Response to Chad Kautzer on America as a Tactical Gun Culture

In approaching the scholarly literature in my Sociology of Guns seminar, I tell my students that they need to read in two steps: reading WITH the grain of a text and reading AGAINST the grain.

I take these ideas from David Bartholomae and Aaron Petrosky’s Ways of Reading: An Anthology for Writers.

To read generously, to work inside someone else’s system, to see your world in someone else’s terms — we call this “reading with the grain.”

Bartholomae and Petrosky, Ways of Reading

To read against the grain, by contrast, means:

to read critically, to turn back, for example, against an author’s project, to ask questions they believe might come as a surprise, to look for the limits of their vision, to provide alternate readings of the examples, to find examples that challenge their arguments – to engage the author, in other words, in dialogue.
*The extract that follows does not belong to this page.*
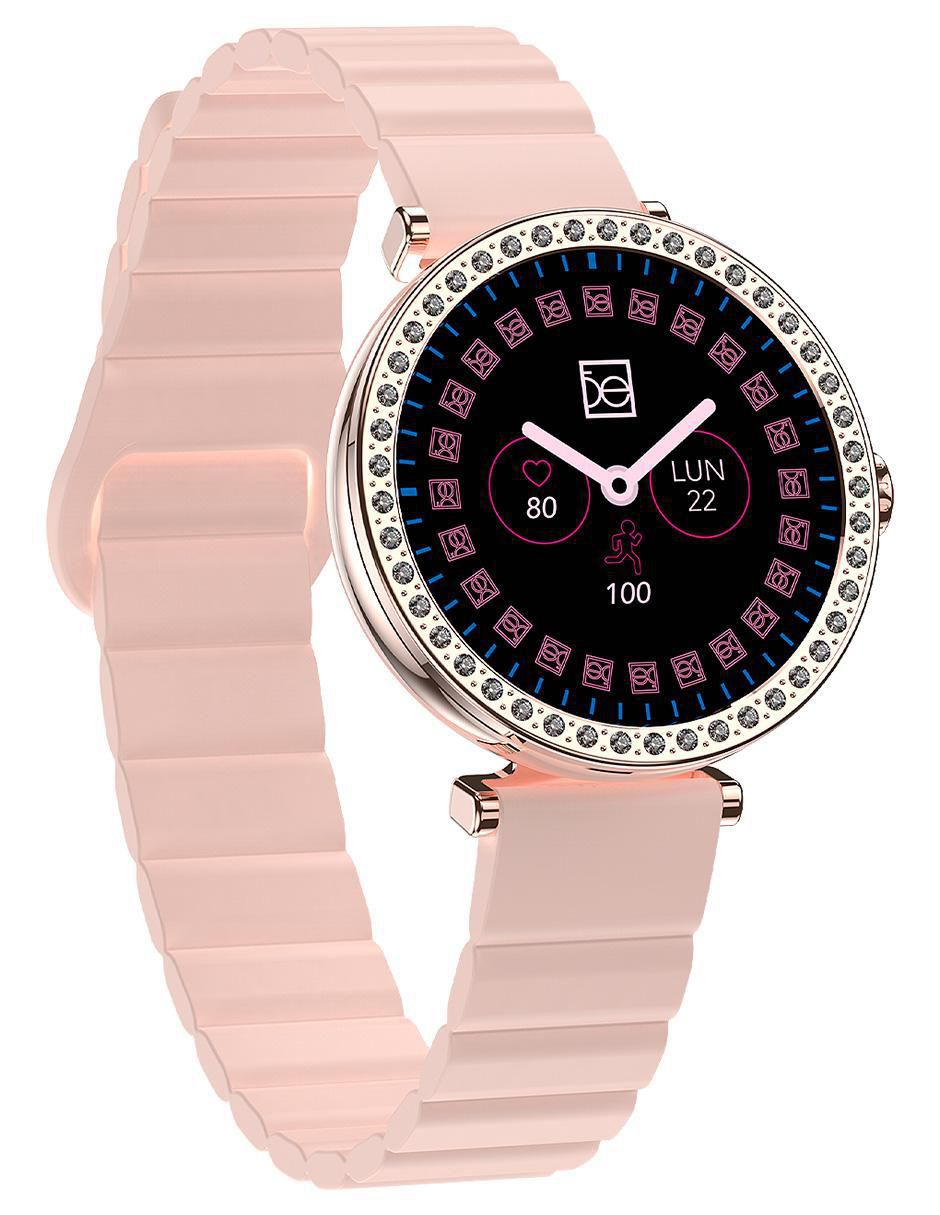 "kit/set/smartwatch/smartband" cloe d1 "para" mujer nuevo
Bartholomae and Petrosky, Ways of Reading

These two moments in the reading process are characterized by generosity and dialogue. Encouraging this among my students is part of my general approach to the issue of guns in America: light over heat.

As a reader recently, I fell short of my own ideal in engaging an essay by Chad Kautzer published in the Boston Review, “America as a Tactical Gun Culture.” I did not read generously in the first moment and I did not seek to engage in dialogue. Kautzer wrote a quick reply to my original post which gives me a second chance.